* [EXERCISE DESCRIPTION]
Reproduce the lines below exactly, from the one containing "Balance board EcoCMK" through the one containing "Portrait of serious", both included. Leave out any pictures.

* [EXERCISE MATERIAL]
= Beginning of Section =
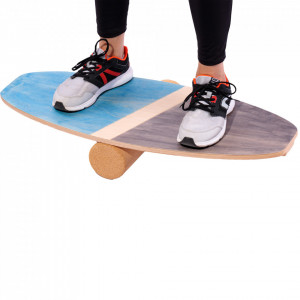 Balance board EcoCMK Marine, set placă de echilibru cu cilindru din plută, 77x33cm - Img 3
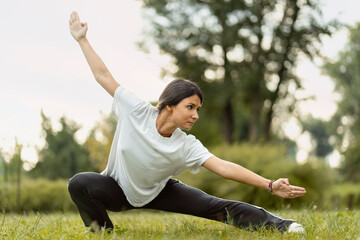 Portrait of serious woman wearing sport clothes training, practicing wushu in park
= End of Section =
= Beginning of Section =
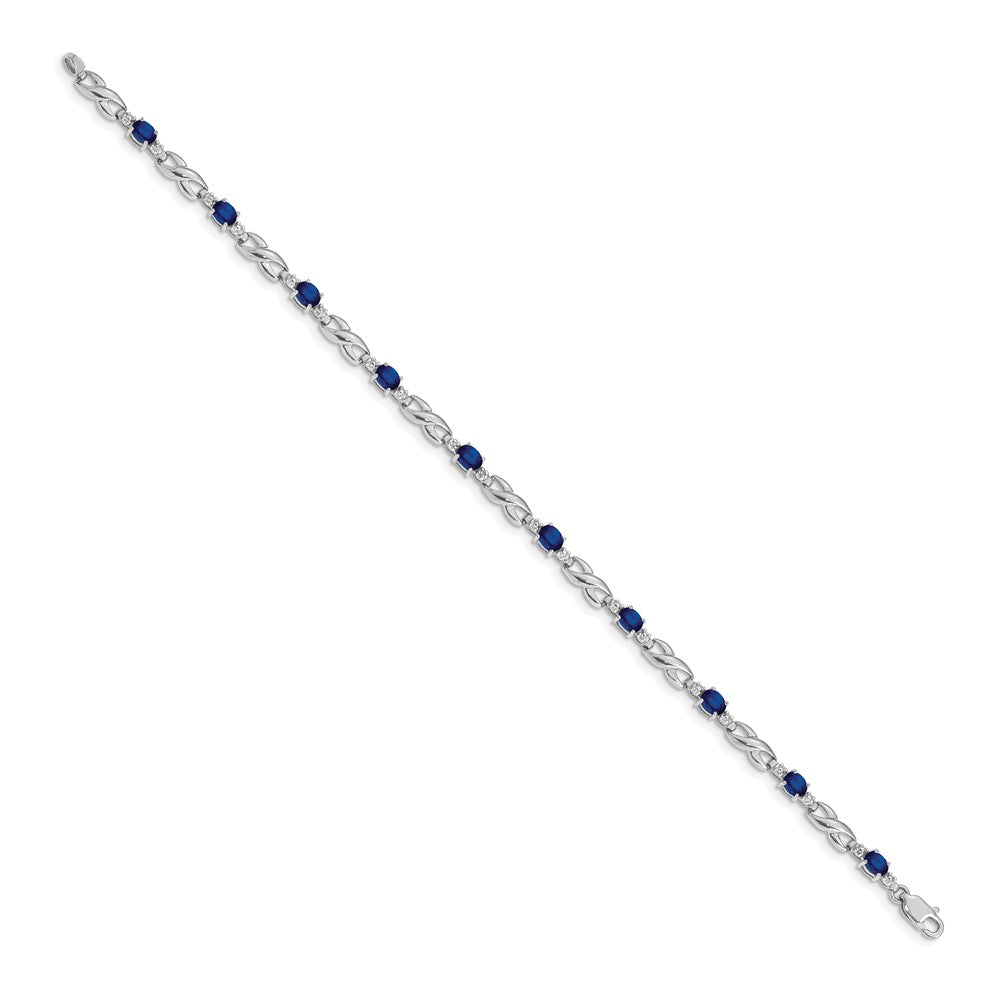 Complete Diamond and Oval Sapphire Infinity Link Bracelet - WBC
= End of Section =
* [THE ANSWER]
 Balance board EcoCMK Marine, set placă de echilibru cu cilindru din plută, 77x33cm - Img 3
 Portrait of serious woman wearing sport clothes training, practicing wushu in park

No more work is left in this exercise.